Il se demande si le rêve étrange qu’il vient de faire n’est pas simplement l’expression d’un si long amour.

dimanche 23 juillet 2017


Miniatures éphémères
L'été


Chaque été, elle choisit soigneusement la couleur de sa robe, n’emporte presque rien, et laisse faire le vent.

samedi 22 juillet 2017


Rue du Tunnel


(Avenue du Blanchissage, Avignon, 20 juillet) 

La jeune femme qui s’avance d’un pas vif, là bas, une étudiante aux beaux arts d’Avignon, ignore que dans quelques instants elle croisera celle qu’elle deviendra.

vendredi 21 juillet 2017


TOC


 (Musée Collection Lambert, Avignon, Vaucluse, 20 juillet)
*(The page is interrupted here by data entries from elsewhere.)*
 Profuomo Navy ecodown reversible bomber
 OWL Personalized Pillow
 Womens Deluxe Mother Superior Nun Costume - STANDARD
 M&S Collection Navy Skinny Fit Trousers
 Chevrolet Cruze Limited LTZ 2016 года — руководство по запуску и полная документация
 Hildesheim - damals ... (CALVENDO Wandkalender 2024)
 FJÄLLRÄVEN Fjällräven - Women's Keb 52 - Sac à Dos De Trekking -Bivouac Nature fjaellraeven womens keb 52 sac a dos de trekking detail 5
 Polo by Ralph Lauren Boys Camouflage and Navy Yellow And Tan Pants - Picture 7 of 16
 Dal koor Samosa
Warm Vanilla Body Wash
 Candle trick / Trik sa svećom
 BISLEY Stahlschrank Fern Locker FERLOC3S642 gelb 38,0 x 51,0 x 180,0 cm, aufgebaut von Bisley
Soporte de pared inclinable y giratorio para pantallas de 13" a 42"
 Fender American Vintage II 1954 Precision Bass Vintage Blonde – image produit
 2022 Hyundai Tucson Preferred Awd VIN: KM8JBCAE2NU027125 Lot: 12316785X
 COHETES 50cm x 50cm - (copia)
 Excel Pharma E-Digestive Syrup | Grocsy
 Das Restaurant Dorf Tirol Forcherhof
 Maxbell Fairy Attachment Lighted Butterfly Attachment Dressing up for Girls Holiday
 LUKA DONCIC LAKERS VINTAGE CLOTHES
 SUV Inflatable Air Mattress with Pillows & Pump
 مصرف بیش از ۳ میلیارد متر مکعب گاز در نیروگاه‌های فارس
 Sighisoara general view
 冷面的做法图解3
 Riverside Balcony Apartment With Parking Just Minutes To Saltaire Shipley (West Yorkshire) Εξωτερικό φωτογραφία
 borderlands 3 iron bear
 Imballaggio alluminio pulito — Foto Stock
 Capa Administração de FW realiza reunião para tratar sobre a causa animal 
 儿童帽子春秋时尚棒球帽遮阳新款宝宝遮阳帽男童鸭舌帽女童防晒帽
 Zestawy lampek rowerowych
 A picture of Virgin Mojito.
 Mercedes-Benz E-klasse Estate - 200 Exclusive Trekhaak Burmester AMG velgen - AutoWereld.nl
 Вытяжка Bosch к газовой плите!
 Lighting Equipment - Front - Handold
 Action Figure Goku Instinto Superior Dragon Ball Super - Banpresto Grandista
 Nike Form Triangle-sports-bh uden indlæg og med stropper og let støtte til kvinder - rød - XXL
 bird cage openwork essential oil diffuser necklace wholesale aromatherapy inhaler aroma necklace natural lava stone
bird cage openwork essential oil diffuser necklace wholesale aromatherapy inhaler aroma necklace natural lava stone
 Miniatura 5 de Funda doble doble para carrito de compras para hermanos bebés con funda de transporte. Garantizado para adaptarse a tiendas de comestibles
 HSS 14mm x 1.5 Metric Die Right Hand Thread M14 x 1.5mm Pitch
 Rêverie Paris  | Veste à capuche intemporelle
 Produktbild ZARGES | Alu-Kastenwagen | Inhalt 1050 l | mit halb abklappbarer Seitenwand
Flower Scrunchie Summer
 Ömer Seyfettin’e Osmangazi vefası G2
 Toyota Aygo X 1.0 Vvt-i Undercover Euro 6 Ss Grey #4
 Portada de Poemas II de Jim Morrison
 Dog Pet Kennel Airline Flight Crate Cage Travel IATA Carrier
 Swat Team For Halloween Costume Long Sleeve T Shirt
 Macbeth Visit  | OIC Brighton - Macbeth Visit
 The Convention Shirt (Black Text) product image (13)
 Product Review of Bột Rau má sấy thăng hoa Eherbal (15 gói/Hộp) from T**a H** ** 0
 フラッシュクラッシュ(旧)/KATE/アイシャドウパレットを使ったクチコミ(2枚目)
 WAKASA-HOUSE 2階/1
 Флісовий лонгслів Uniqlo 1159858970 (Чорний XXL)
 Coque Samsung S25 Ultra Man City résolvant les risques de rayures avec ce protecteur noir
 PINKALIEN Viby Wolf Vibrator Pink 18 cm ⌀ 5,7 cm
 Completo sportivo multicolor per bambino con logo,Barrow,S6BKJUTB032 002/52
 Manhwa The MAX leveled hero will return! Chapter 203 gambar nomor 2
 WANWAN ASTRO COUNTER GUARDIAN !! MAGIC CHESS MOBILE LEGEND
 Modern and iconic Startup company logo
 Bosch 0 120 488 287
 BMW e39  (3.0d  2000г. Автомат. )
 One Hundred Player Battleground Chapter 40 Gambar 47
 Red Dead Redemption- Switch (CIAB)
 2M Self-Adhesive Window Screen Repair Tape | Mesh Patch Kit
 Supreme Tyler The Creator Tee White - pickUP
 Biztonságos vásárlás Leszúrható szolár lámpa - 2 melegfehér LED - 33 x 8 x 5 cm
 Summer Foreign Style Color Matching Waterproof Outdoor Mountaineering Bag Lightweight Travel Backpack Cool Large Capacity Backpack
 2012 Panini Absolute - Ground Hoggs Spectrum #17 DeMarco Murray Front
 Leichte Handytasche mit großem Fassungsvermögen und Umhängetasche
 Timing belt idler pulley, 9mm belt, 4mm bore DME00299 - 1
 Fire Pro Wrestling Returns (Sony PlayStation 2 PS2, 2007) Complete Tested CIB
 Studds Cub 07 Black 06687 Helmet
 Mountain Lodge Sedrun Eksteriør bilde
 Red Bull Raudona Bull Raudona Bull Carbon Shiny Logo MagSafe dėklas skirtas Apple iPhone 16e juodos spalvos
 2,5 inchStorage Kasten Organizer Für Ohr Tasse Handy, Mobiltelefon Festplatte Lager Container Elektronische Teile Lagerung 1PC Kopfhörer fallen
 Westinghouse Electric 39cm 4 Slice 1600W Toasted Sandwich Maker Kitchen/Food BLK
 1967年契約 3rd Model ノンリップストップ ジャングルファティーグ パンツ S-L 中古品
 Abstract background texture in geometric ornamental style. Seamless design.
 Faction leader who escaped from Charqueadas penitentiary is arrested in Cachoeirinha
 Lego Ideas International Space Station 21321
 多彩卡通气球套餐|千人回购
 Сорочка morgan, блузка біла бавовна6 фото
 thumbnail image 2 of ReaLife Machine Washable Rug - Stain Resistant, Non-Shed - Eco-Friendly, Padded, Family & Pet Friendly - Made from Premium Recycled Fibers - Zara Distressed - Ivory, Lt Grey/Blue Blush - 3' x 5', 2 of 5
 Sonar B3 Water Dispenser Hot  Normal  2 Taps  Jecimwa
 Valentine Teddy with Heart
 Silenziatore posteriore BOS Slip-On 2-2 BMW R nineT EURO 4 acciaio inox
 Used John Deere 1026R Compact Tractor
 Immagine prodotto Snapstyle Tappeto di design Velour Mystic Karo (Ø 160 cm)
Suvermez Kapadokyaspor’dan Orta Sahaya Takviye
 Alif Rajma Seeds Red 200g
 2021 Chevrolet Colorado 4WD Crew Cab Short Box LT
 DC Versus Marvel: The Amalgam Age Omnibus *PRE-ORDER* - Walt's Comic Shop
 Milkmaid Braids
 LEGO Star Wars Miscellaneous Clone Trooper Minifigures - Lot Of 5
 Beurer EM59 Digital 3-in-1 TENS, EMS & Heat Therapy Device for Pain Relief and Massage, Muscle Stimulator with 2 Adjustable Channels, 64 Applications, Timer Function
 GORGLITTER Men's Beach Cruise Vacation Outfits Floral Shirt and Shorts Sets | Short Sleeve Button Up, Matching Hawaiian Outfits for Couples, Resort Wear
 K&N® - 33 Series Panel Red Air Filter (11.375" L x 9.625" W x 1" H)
Sylvain avait un toc (Trouble Obsessionnel  Compulsif). On n’a jamais su pourquoi ni comment  cela avait commencé. C’était venu après la grande sécheresse. Chaque fois qu’il passait devant une chaise vide, il s’arrêtait et la contemplait en se caressant le visage. Il lui était impossible de continuer son chemin. Cela n’avait lieu que lorsque la chaise était seule. Heureusement les chaises sont rarement seules.
Il n’avait d’autre solution que de faire demi tour et trouver un autre itinéraire, ou attendre que quelqu’un s’assoit sur cette malheureuse chaise.
Sa petite amie s’était vite adaptée. Si au cours de leurs promenades ils apercevaient une chaise isolée, elle courait s’y asseoir. Il la saluait comme si c’était une étrangère, passait son chemin, et elle le rattrapait jusqu’à la prochaine chaise.
Ceux qui assistaient à ce ballet croyaient voir deux amoureux rejouer sans cesse leur première rencontre.

jeudi 20 juillet 2017


Écrire


C’est au musée de la collection Lambert, à Avignon, une des salles de la très belle exposition de la collection d’art contemporain d’Agnès B. La jeune femme écrit sur un cahier d’écolier, une écriture serrée, raturée. Je ne peux pas m’empêcher de jeter un œil en passant. Ces pages noircies sont un bloc d’énergie.
Dehors, il fait chaud, les gens courent d’un spectacle à l’autre, s’interpellent dans les files d’attentes, se retrouvent, s’embrassent, s’enthousiasment, se disputent, partout il y a de la musique et des cris, on ne lit plus les tracts distribués à chaque instant.
Je viens de voir un spectacle d’une grande intensité, Prison Possession de et par François Cervantes à partir de ses correspondances avec Erick Ferdinand. On y parle de la prison, de l’isolement, de l’indicible, de l’écriture.
Après le spectacle nous fuyons le bruit de la ville au musée de la Collection Lambert.
Il y a cet jeune femme, une surveillante, qui couvre son cahier avec cet air renfrogné.
Je repense à François qui à treize ans ne dit pas un mot et se lève la nuit pour écrire, à ce détenu qui « s’est évadé dans un texte, là où personne ne pourra le chercher ».
Je pense à tous les journaux intimes où se percutent les mots de jeunes gens en colère.
Et ce moment, cette image, sont d’une grande douceur.

mercredi 19 juillet 2017


Une fleur dont j'ignore le nom


(Fontaine du Vallon, Hautes Alpes, 16 juillet)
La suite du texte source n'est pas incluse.